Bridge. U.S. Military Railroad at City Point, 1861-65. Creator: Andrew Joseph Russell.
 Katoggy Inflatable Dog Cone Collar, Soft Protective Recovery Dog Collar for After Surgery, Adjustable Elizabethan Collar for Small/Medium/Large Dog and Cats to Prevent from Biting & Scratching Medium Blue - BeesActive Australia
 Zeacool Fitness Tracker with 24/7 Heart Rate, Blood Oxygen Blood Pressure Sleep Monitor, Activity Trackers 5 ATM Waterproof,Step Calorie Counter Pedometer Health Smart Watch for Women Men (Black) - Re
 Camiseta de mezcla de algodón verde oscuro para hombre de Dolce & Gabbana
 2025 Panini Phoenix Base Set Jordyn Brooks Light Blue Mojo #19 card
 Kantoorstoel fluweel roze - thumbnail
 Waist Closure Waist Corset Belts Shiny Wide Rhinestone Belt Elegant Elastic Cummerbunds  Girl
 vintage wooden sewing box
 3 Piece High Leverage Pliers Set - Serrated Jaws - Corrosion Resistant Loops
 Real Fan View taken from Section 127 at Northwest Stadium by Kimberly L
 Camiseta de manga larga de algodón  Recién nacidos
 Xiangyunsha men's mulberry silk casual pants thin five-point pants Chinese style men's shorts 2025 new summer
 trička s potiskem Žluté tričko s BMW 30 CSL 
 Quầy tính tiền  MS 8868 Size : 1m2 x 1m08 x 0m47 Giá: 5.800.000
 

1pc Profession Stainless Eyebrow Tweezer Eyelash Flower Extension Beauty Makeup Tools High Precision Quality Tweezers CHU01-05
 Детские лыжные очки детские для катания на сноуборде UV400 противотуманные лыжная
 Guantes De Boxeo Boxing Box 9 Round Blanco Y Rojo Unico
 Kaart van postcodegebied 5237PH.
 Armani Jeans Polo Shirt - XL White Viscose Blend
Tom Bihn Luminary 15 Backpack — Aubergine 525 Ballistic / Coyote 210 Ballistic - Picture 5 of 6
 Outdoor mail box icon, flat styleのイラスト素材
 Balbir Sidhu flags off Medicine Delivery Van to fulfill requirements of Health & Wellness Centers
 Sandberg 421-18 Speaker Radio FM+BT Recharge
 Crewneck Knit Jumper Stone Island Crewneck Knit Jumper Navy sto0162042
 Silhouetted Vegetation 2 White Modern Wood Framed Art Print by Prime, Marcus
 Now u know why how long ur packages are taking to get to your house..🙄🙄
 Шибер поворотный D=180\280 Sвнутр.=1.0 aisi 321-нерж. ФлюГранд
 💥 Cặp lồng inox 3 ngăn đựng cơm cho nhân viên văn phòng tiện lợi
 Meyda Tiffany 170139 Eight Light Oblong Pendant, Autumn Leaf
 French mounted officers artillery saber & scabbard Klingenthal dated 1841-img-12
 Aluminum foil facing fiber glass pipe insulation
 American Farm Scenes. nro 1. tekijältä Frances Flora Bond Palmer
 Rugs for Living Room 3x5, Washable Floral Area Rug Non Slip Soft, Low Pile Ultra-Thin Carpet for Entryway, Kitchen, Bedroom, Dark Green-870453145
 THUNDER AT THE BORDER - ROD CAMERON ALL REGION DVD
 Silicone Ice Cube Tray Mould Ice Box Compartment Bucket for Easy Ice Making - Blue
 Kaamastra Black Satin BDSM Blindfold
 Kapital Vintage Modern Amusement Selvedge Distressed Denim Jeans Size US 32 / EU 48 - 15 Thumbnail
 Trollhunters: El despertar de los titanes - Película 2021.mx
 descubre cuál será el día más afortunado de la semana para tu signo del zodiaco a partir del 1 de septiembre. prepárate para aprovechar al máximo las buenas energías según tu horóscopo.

EXERCISE REQUIREMENTS =
Stop at the line containing "trička s potiskem Žluté tričko s BMW 30 CSL". Please print exactly every line before it from the start of the records, plus that line itself, and nothing else.

TASK SOLUTION =
Bridge. U.S. Military Railroad at City Point, 1861-65. Creator: Andrew Joseph Russell.
 Katoggy Inflatable Dog Cone Collar, Soft Protective Recovery Dog Collar for After Surgery, Adjustable Elizabethan Collar for Small/Medium/Large Dog and Cats to Prevent from Biting & Scratching Medium Blue - BeesActive Australia
 Zeacool Fitness Tracker with 24/7 Heart Rate, Blood Oxygen Blood Pressure Sleep Monitor, Activity Trackers 5 ATM Waterproof,Step Calorie Counter Pedometer Health Smart Watch for Women Men (Black) - Re
 Camiseta de mezcla de algodón verde oscuro para hombre de Dolce & Gabbana
 2025 Panini Phoenix Base Set Jordyn Brooks Light Blue Mojo #19 card
 Kantoorstoel fluweel roze - thumbnail
 Waist Closure Waist Corset Belts Shiny Wide Rhinestone Belt Elegant Elastic Cummerbunds  Girl
 vintage wooden sewing box
 3 Piece High Leverage Pliers Set - Serrated Jaws - Corrosion Resistant Loops
 Real Fan View taken from Section 127 at Northwest Stadium by Kimberly L
 Camiseta de manga larga de algodón  Recién nacidos
 Xiangyunsha men's mulberry silk casual pants thin five-point pants Chinese style men's shorts 2025 new summer
 trička s potiskem Žluté tričko s BMW 30 CSL 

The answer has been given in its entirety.